This result is returned when the URI includes a valid TLD. The function further includes valid results in the tld_info structure.

You can accept this URI as valid.

TLD_RESULT_INVALID 

The TLD was found, but it is marked as invalid.

This result represents a TLD that is not valid as is for a URI, but it was defined in the TLD data. The function includes further information in the tld_info structure. There you can check the category, status, and other parameters to determine what the TLD really represents.

It may be possible to use such a TLD, although as far as web addresses are concerned, these are not considered valid. As mentioned in the statuses, some may mean that the TLD can be changed for another and work (i.e. a country name that changed.)

TLD_RESULT_NULL 

The input URI is empty.

The tld() function returns this value whenever the input URI pointer is NULL or the empty string (""). Obviously, no TLD is found in this case.

TLD_RESULT_NO_TLD 

The input URI has no TLD defined.

Whenever the URI does not include at least one period (.), this error is returned. Local URIs are considered valid and don't generally include a period (i.e. "localhost", "my-computer", "johns-computer", etc.) We expect that the tld() function would not be called with such URIs.

A valid Internet URI must include a TLD.

TLD_RESULT_BAD_URI 

The URI includes characters that are not accepted by the function.

This value is returned if a character is found to be incompatible or a sequence of characters is found incompatible.

At this time, tld() returns this error if two periods (.) are found one after another. The errors will be increased with time to detect invalid characters (anything outside of [-a-zA-Z0-9.%].)

Note that the URI should not start or end with a period. This error will also be returned (at some point) when the function detects such problems.

TLD_RESULT_NOT_FOUND 

The URI has a TLD that could not be determined.

The TLD of the URI was searched in the TLD data and could not be found there. This means the TLD is not a valid Internet TLD.

Definition at line 81 of file tld.h.

enum tld_status

Each TLD has a status. By default, it is generally considered valid, however, many TLDs are either proposed or deprecated.

Proposed TLDs are not yet officially accepted by the official entities taking care of those TLDs. They should be refused, but may become available later.

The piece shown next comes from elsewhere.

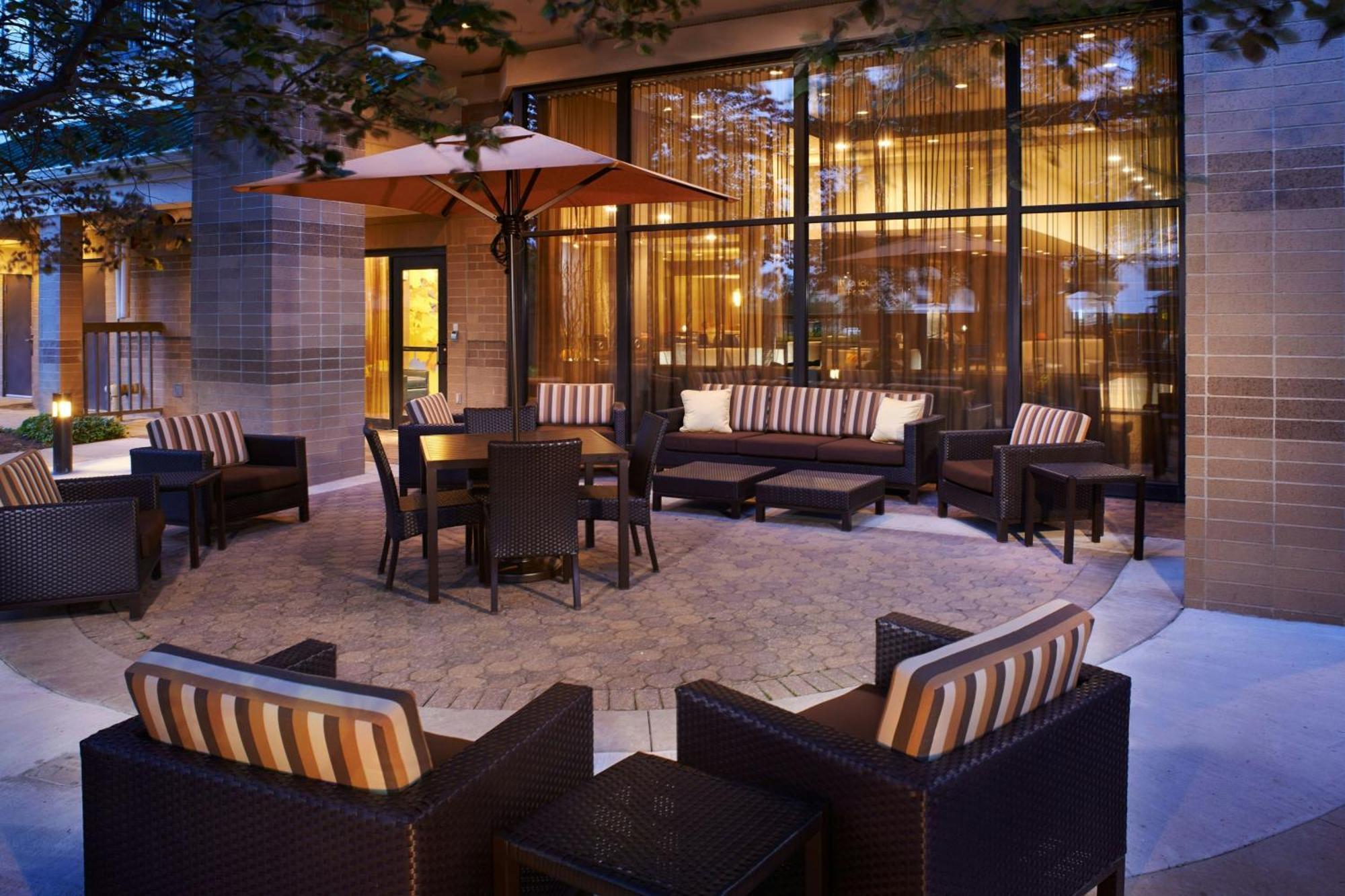 Courtyard Kansas City Overland Park / Convention Center Exterior photo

Deprecated TLDs were in use before but got dropped. They may be dropped because a country doesn't follow up on their Internet TLD, or because the extension is found to be boycotted.

Enumerator
TLD_STATUS_VALID 

The TLD is currently valid.

This status represents a TLD that is currently fully valid and supported by the owners.

These can be part of URIs representing valid resources.

TLD_STATUS_PROPOSED 

The TLD was proposed but not yet accepted.

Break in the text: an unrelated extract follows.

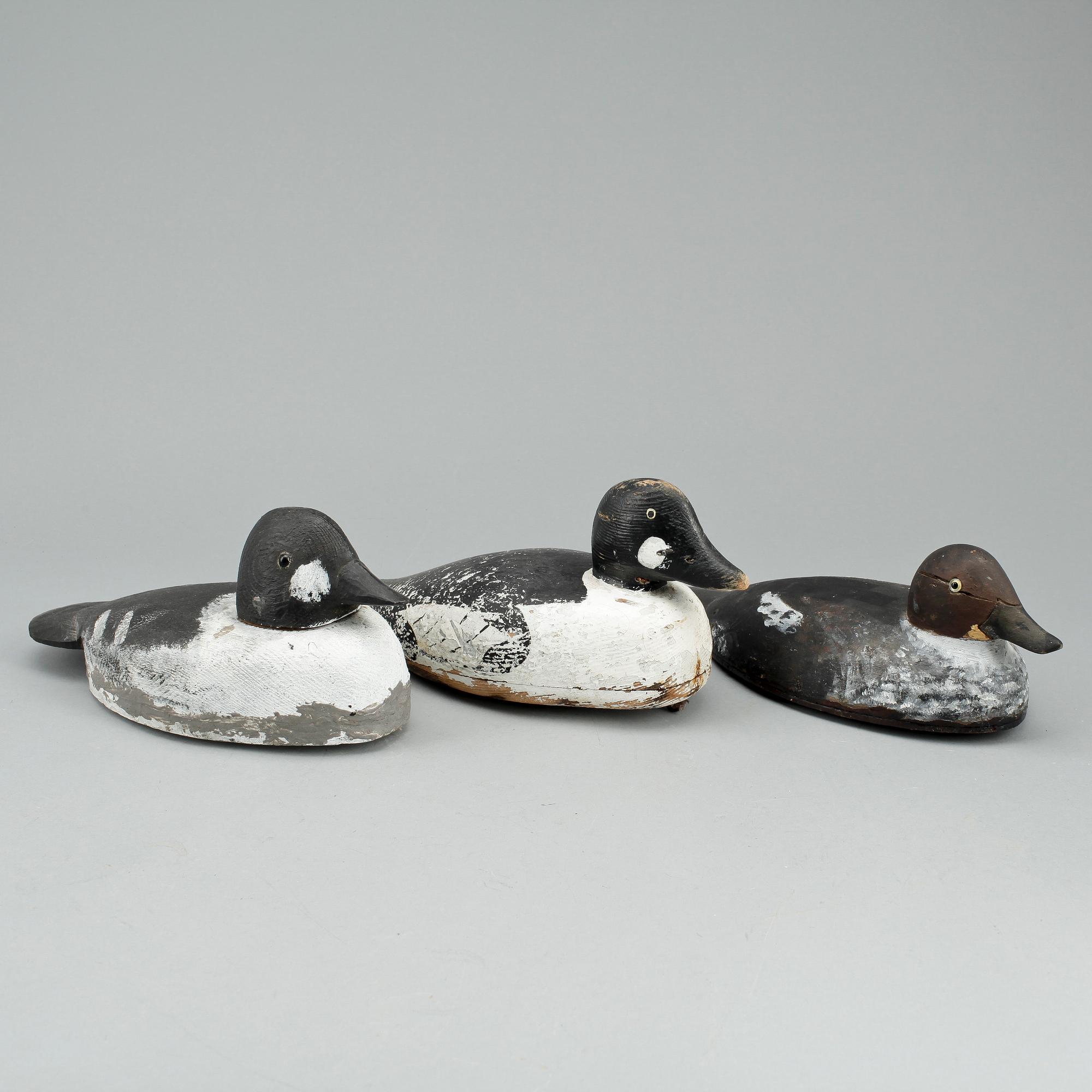 VETTAR, 3 st, målat trä, 1900-tal.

The TLD is nearly considered valid, at least it is in the process to get accepted. The TLD will not work until officially accepted.

No valid URIs can include this TLD until it becomes TLD_STATUS_VALID.

TLD_STATUS_DEPRECATED 

The TLD was once in use.

This status is used by TLDs that were valid (TLD_STATUS_VALID) at some point in time and was changed to another TLD rendering that one useless (or incorrect in the case of a country name change.)

This status means such URIs are not to be considered valid. However, it may be possible to emit a 301 (in terms of HTTP protocol) to fix the problem.

TLD_STATUS_UNUSED 

The TLD was officially assigned but not put to use.

This special status is used for all the TLDs that were assigned to a specific entity, but never actually put to use. Many smaller countries (especially islands) are assigned this status.

Unused TLDs are not valid in any URI until marked valid.

TLD_STATUS_RESERVED 

The TLD is reserved so no one can use it.

This special case forces the specified TLDs into a "do not use" list. Seeing such TLDs may happen by people who whish it were official, but it is not considered legal.

A reserved TLD may represent a second TLD that was assigned to a specific country or other category. It may be possible to do a transfer from that TLD to the official TLD (i.e. Great Britain was assigned .gb, but instead uses .uk; URIs with .gb could be transformed with .uk and checked for validity.)

TLD_STATUS_INFRASTRUCTURE 

These TLDs are reserved for the Internet infrastructure.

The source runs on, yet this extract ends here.